# Locale

A complete Heyting algebra (see Brouwer lattice) regarded as a "generalized topological space" . The name "locale" is due to J.R. Isbell [a1], although the concept had been studied by a number of earlier writers: the basic idea is that, for any topological space $X$, the lattice $\mathcal{O}(X)$ of open subsets of $X$ is complete and satisfies the infinite distributive law $$U \cap \bigcup_{i \in I} V_i = \bigcup_{i \in I} U \cap V_i$$ (equivalently, it is a Heyting algebra), and many important topological properties of spaces (compactness, connectedness, etc.) are in fact properties of their open-set lattices. Thus one may regard any complete lattice satisfying the infinite distributive law (such a lattice is commonly called a frame) as if it were the open-set lattice of a space, irrespective of whether it possesses enough "points" to be representable as an actual lattice of open subsets. A frame homomorphism is a mapping preserving finite meets (intersections) and arbitrary joins (unions). A locale is extensionally the same thing as a frame, but intensionally different: the difference resides in the fact that a morphism (or continuous mapping) of locales from $X$ to $Y$ is defined to be a frame homomorphism from $Y$ to $X$. (To emphasize the intensional difference, some authors write $\mathcal{O}(X)$ for the frame corresponding to a locale $X$. Other authors — e.g. those of [a2] — use a different terminology: they redefine "space" to mean what is called a locale above, and use "locale" to mean a frame in the terminology above. The sense in which "locale" is used in this article is the original one, as used by Isbell.)
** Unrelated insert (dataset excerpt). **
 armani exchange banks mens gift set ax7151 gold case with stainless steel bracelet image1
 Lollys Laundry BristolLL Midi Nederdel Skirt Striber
A frame is representable as the open-set lattice of a space if and only if every element is expressible as a meet of prime elements; locales with this property are called spatial. The space corresponding to a spatial locale is not uniquely determined, but it becomes so if one requires that it be sober, i.e. that every prime open set should be the complement of the closure of a unique point. (Every Hausdorff space is sober, and every sober space satisfies the $T_0$ separation axiom.) The passage from sober spaces to locales is a full imbedding of categories; it does not preserve products in general, but it does so if one of the factors is locally compact (for a more general form of this result, see [a3]). Many familiar topological properties can be extended from the category of (sober) spaces to the category of locales. For example, one defines a locale to be locally compact if the corresponding frame is a continuous lattice; it can be shown [a4] that every locally compact locale is spatial, and in fact the category of locally compact locales is equivalent to that of locally compact sober spaces.